- Genres: Folk, indie rock, folk rock
- Instruments: Double bass, electric bass, violin, backing vocals

= Bob Crawford (musician) =

Bob Crawford is a musician, podcaster, historian and author. He is best known for being the bassist for the Avett Brothers. In 2026, he released a history book about John Quincy Adams.

Crawford grew up in New Jersey, received an undergraduate degree from Stockton University, and a master’s degree in history from Arizona State University in 2020.

==The Avett Brothers==

Crawford joined the Avett Brothers in 2001, having previously played with the group The Memphis Quick 50.

In 2011, Crawford took a hiatus from the band due to his daughter's health; he was temporarily replaced by Langhorne Slim bassist Paul Defiglia. Crawford returned to play with the band on the 53rd Grammy Awards in 2011, performing "Head Full of Doubt/Road Full of Promise" and then joining Mumford and Sons and Bob Dylan for a performance of "Maggie's Farm."

Crawford fully returned to the band in 2013, after his daughter recovered.

==Book==

Penguin Random House published Crawford's book America's Founding Son: John Quincy Adams, from President to Political Maverick in 2026. He wrote the book while touring with the Avett Brothers. The book was on the Literary Hub "Independent Press Top 40 Bestsellers" in March 2026. Crawford read through 14,000 pages of Adams' diaries while working on the book.

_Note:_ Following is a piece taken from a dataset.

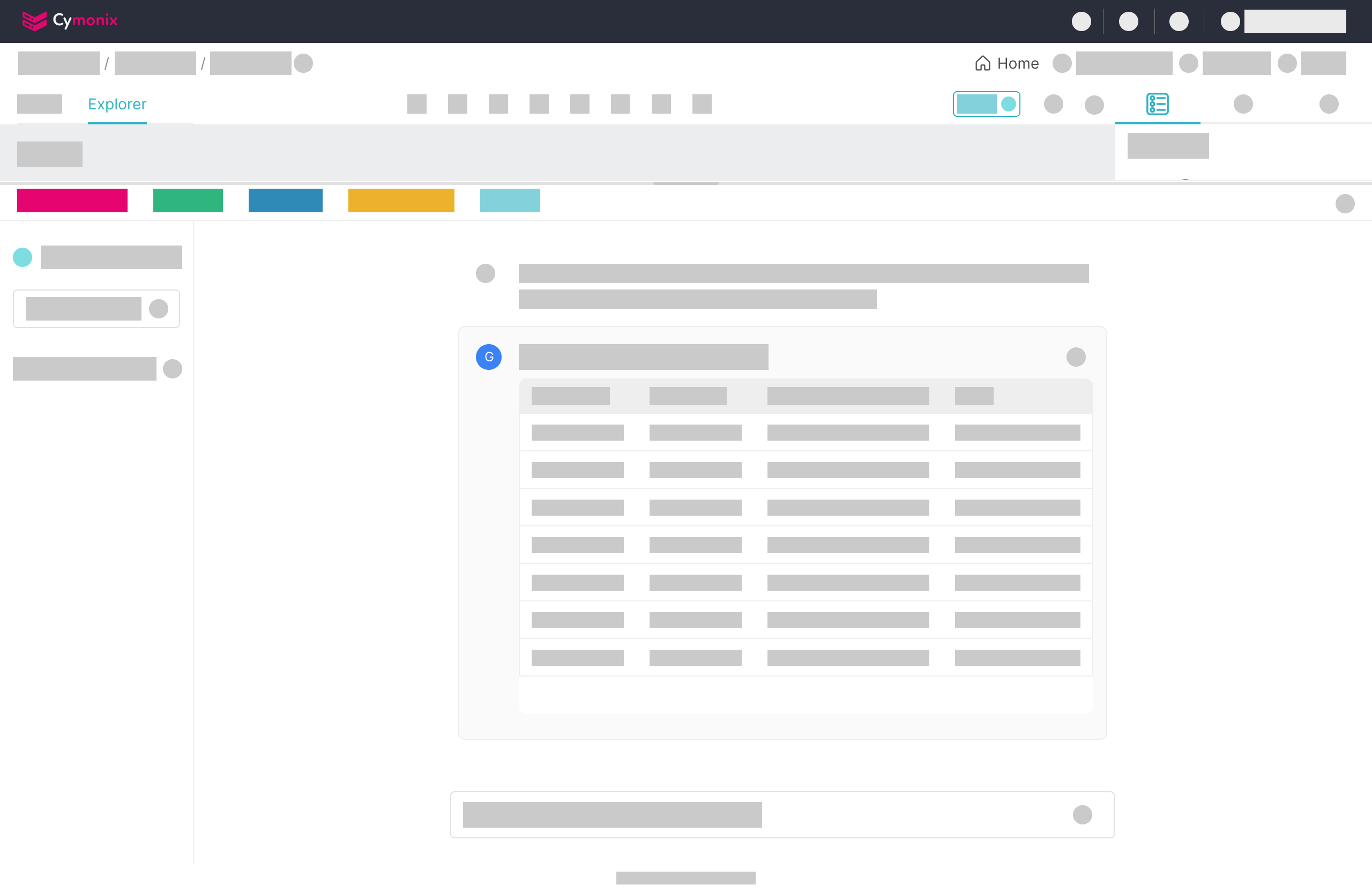 AI enabled Explorer View
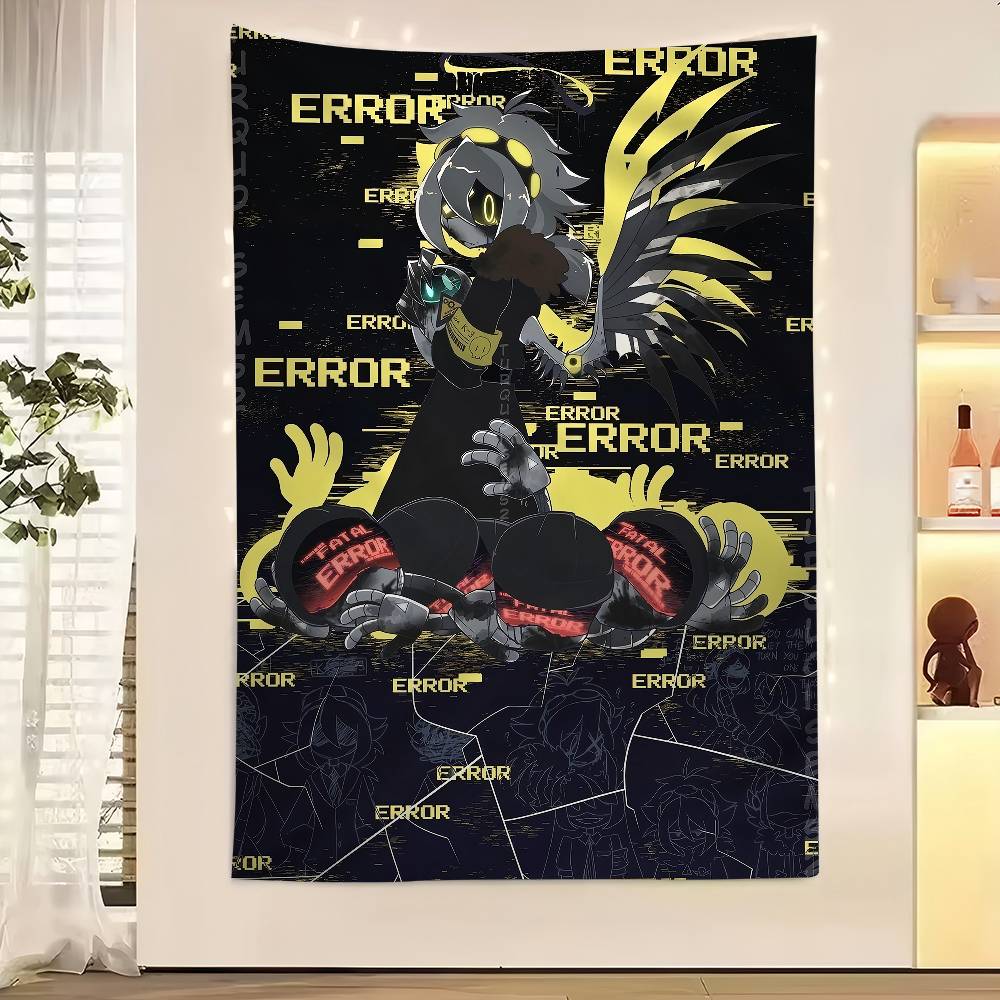 Anime MMurder DDrones Colorful Tapestry Wall Hanging Bohemian Wall Tapestries Mandala Wall Hanging Sheets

Publishers Weekly described the book as "fantastic" and "boosterish." Deep South Magazine called it "daunting and dense" and that it lacked concision, while also calling it a "can’t-miss in historical nonfiction." In a review for Library Journal, Jacqueline Parascandola called it a "highly readable account about a critical point in U.S. history." Kirkus Reviews called it "[s]olid history, though perhaps not quite as accessible as intended."

The book evolved out of a six-episode podcast series Crawford previously hosted in 2023 entitled “Founding Son: John Quincy’s America.”

==Podcasts==

Crawford launched the history podcast "The Road to Now" with scholar and comedian Benjamin Sawyer in 2016, recording the first episode in the basement of the Bridgestone Arena in Nashville. The podcast's guests have included Lance Armstrong and John Hickenlooper.

He also hosts the podcast "American History Hotline."